To provide further confirmation to our hypothesis, we analysed the similarity of atomic environments found in the original and extended datasets, and comparing them to the atomic environments found in the configurations used for the phonon benchmark study. We calculated the similarity, or covariance values, Cij of two atomic environment i and and j using their SOAP descriptors vi and vj as

$${C}_{ij}={({{\bf{v}}}_{i}\cdot {{\bf{v}}}_{j})}^{\zeta }$$

using ζ = 4. Using this measure of similarity, Cij = 1 corresponds to identical atomic environments and lower values signify different atomic environments.

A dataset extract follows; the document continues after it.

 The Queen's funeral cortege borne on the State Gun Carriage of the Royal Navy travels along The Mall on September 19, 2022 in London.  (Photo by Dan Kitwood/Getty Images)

All pairwise similarity values were calculated, and their histograms are presented in Fig. 11. We grouped the values such that we present the similarities of environments found in the configurations used for the phonon benchmarks and those in the training databases representing the α, β and ω phases. The histograms emphasise that atomic environments in the α and ω phases are more similar to each other than to those in the β phase. It is also revealed that in the original database the atomic environments typical for the phonon benchmark configurations are under-represented, which is remedied when augmenting the dataset using further NDSC data points.

Fig. 11
figure 11

Histogram of SOAP similarity values. The left column represents the original database and the right column represents the database augmented with targeted data points. The three rows represent subsets of the training databases containing α, β and ω phase configurations compared to atomic configurations in each phase (blue, orange and green lines) as well as the unit cells used in the phonon benchmarks (red lines). Blue lines represent the similarities of atomic environments belonging to the same phase.

Given that our phonon benchmark tests are only indicative of the extrapolative behaviour of the generated MLIP models, we conclude that the Ti-6Al-4V dataset is sufficient to produce MLIP that accurately characterise the vibrational properties of the Ti-6Al-4V alloy where the concentrations of the minority components closely reflect those of the real material.